Beata: There was an American Jewish woman, a journalist, living in an elegant penthouse on 33rd Street with a cat. She worked for the Daily News. She smiled and said I should do some “laundry,” – but I stared at her because I had no idea what that word meant. After fifteen minutes of trying to explain it to me through hand gestures, she finally dialed a number and handed me the receiver. On the other end was a Polish woman named Ula, also a cleaning lady. She probably cleaned for that lady’s friends. She had a much better understanding of English. She was nice. She explained that the lady would give me some coins, and then I was supposed to go down to the laundry room in the basement of the building and put the cash and the dirty laundry into the washing machine and then into the dryer.

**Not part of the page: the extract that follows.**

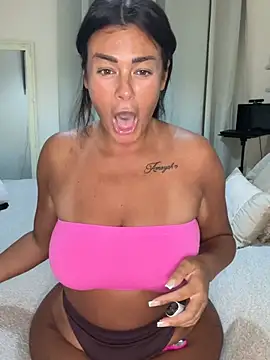 ultimate_PAWG webcam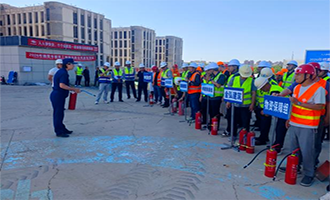 栖霞市成功举办建筑工地消防培训应急救援暨防汛防台风综合应急演练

That’s how I learned what “laundry” meant. I was relieved. At the end of our conversation, Ula asked me to call her sometime to chat. It turned out we were neighbors. She was much older than me, in her forties, but quite vivacious. She decided she needed to take me from Williamsburg to clean in Americans’ houses, which were quite sterile because Americans didn’t cook at home and only smoked when they were in bed.
Mieszko: It was Ula who sent you to Beata and Władek’s place. They lived on the corner of 72nd Street and Third Avenue. He was a Polish Jew. They’d left Poland after the political unrest in 1968. Władek was the superintendent of an entire Manhattan Upper East Side building, with doorkeepers and elevator operators. As part of his full-time job, he was allowed to live in one of the apartments. His wife sold greeting cards on the Lower East Side, where Polish-speaking Jews ran stores. Poles from Greenpoint would buy curtains and faux fur there to send to their families in Poland. We became friends.
Beata: I asked Władek if he had any work for my husband. He was the boss of twenty-eight handymen who roamed around the building, doing odd jobs. He did, but Mieszko would need a goddamn Social Security number.
Mieszko: I finally had to buy one for myself in Greenpoint.
Beata: Everyone was buying them at the time.